You possibly can derive mannequin efficiency and ML operations controls with Amazon SageMaker AI options reminiscent of Amazon SageMaker Pipelines, Amazon SageMaker Debugger, or container logs. The mannequin is deployed in an AWS safe surroundings and beneath your digital personal cloud (VPC) controls, serving to to help knowledge safety.

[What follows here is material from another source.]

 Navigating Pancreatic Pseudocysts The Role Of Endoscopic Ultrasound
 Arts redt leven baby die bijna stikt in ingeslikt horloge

As like Bedrock Marketpalce, you need to use the ApplyGuardrail API within the SageMaker JumpStart to decouple safeguards to your generative AI purposes from the DeepSeek-R1 mannequin. Now you can use guardrails with out invoking FMs, which opens the door to extra integration of standardized and completely examined enterprise safeguards to your software movement whatever the fashions used.

Seek advice from this step-by-step information on deploy the DeepSeek-R1 mannequin in Amazon SageMaker JumpStart. To study extra, go to Uncover SageMaker JumpStart fashions in SageMaker Unified Studio or Deploy SageMaker JumpStart fashions in SageMaker Studio.

3. DeepSeek-R1-Distill fashions utilizing Amazon Bedrock Customized Mannequin Import
Amazon Bedrock Customized Mannequin Import offers the power to import and use your custom-made fashions alongside current FMs via a single serverless, unified API with out the necessity to handle underlying infrastructure. With Amazon Bedrock Customized Mannequin Import, you possibly can import DeepSeek-R1-Distill fashions starting from 1.5–70 billion parameters. As I highlighted in my weblog publish about Amazon Bedrock Mannequin Distillation, the distillation course of includes coaching smaller, extra environment friendly fashions to imitate the conduct and reasoning patterns of the bigger DeepSeek-R1 mannequin with 671 billion parameters by utilizing it as a trainer mannequin.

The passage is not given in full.